Some fast bloom filter implemented by Rust for Python and Rust! 10x faster than pybloom!
Project description
fastbloom
A fast bloom filter | counting bloom filter implemented by Rust for Rust and Python!
Language: 简体中文
setup
Python
requirements
Python >= 3.7
install
Install the latest fastbloom version with:
pip install fastbloom-rs
Rust
fastbloom-rs = "{latest}"
Examples
BloomFilter
A Bloom filter is a space-efficient probabilistic data structure, conceived by Burton Howard Bloom in 1970, that is used to test whether an element is a member of a set. False positive matches are possible, but false negatives are not.

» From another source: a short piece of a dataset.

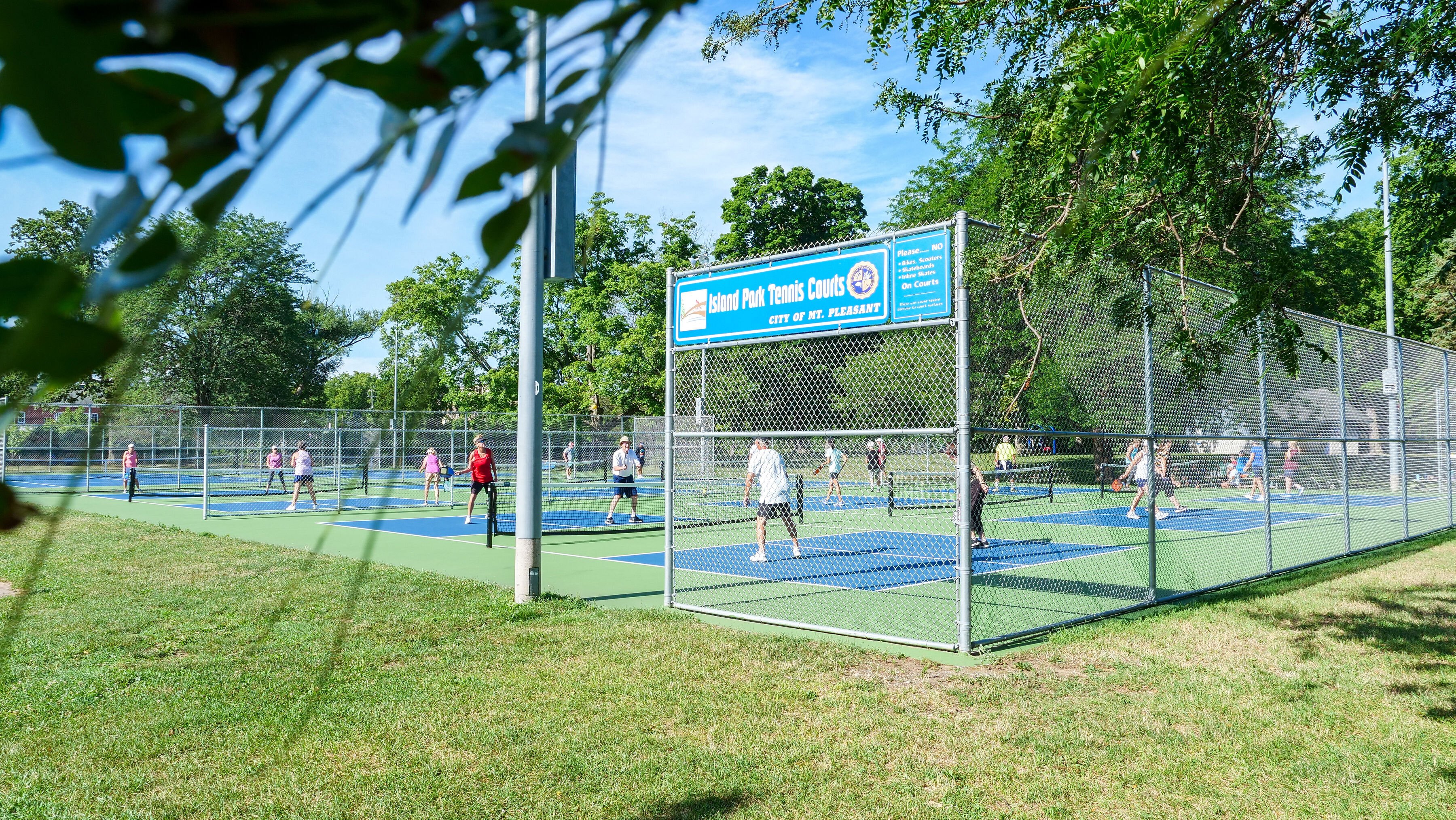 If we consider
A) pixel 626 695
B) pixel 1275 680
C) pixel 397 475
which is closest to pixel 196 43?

Reference: Bloom, B. H. (1970). Space/time trade-offs in hash coding with allowable errors. Communications of the ACM, 13(7), 422-426. Full text article
Python
basic usage
from fastbloom_rs import BloomFilter
bloom = BloomFilter(100_000_000, 0.01)
bloom.add_str('hello')
bloom.add_bytes(b'world')
bloom.add_int(9527)
assert bloom.contains('hello')
assert bloom.contains(b'world')
assert bloom.contains(9527)
assert not bloom.contains('hello world')
build bloom filter from bytes or list
from fastbloom_rs import BloomFilter
bloom = BloomFilter(100_000_000, 0.01)
bloom.add_str('hello')
assert bloom.contains('hello')
bloom2 = BloomFilter.from_bytes(bloom.get_bytes(), bloom.hashes())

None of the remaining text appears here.